Sylvia Plath se matou aos 30 anos de idade. Era uma garota, praticamente. Hoje seria imperdoável, uma vez que poetas suicidas não existem e não influenciam clãs de admiradores indiscutíveis. Como escritora, Sylvia estava à frente de seu tempo. Como mulher, à frente de todos os tempos. Entendeu mistérios da maternidade que são tão obscuros quanto é possível imaginar, e foi uma mãe tão cuidadosa que se retirou de cena apenas depois de garantir que seus filhos estavam seguros. Sua morte, metódica e calculada, foi realizada de maneira poética. Tudo à sua volta foi isolado, pelos mecanismos técnicos viáveis, para que, solitária, privasse a si mesma de respirar o bendito ar de vida que nos sustenta e nutre.

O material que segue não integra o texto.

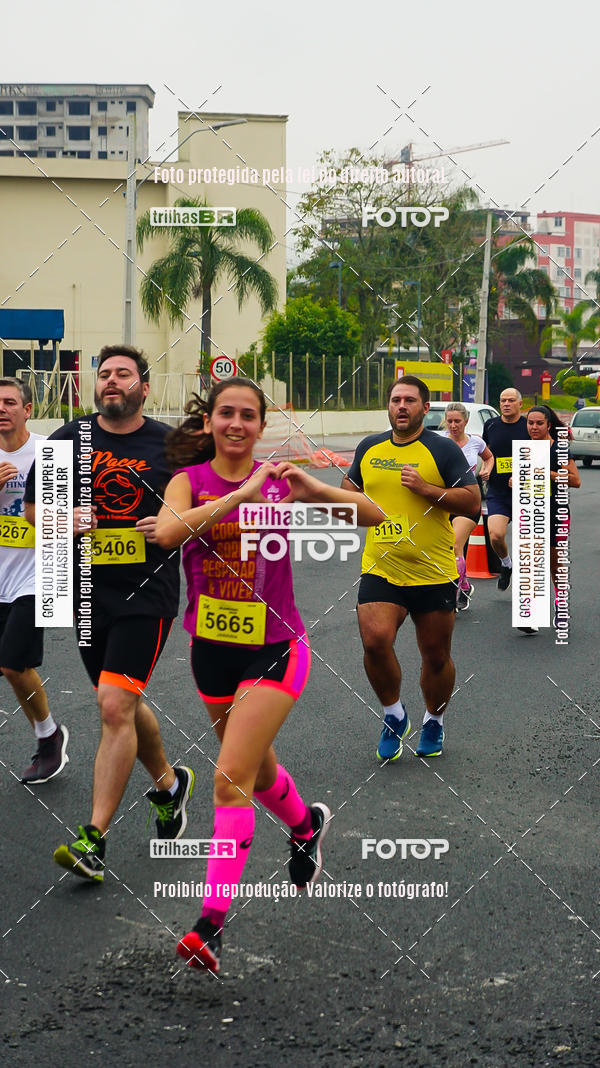 Buy your photos of the eventMeia Maratona de Blumenau on Fotop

Elementos profundamente simbólicos e delicados envolvem a poesia de Sylvia Plath. Uma combinação perigosa de temas bélicos, como choro de criança, repulsa aos hábitos, desamor e mágoa, rancor pelo pai, observações ácidas de elementos comuns da vida, exuberâncias na apresentação de formas criadas pela natureza, como as ondas do mar, e uma visão muito sutil da dor e angústia causadas pelo regime nazista que marcou a Europa em sua época, somam-se ao seu texto grandemente poético, atual e terrível.
Sylvia é porta-voz de uma classe de seres capazes de penetrar em camadas muito internas do sentimento, do comportamento e da expectativa. A poesia crua, brutal e dolorida de Plath é o reflexo direto de sua mente rápida, inteligente e incomum. Exatamente por isso, ela era uma suicida. O mundo não comporta cérebros assim. Seu problema é a certeza, o conhecimento do mundo, de seu momento e de seus inquilinos, os seus vizinhos. É a sabedoria de que nenhuma filosofia vai superar uma dor causada pelo autoconhecimento, pela certeza de que os humanos (alguns humanos) foram dotados de uma incapacidade intrínseca de suportar uma carga grande demais. Sylvia sabia que, ao contrário das formigas, os humanos não carregam uma carga dez vezes maior que o seu próprio peso. Somos delicados, únicos e necessitamos superar a decadência das horas que determina a intensidade das obrigações impostas. Seu maior problema não era ignorar a realidade, mas compreendê-la demais.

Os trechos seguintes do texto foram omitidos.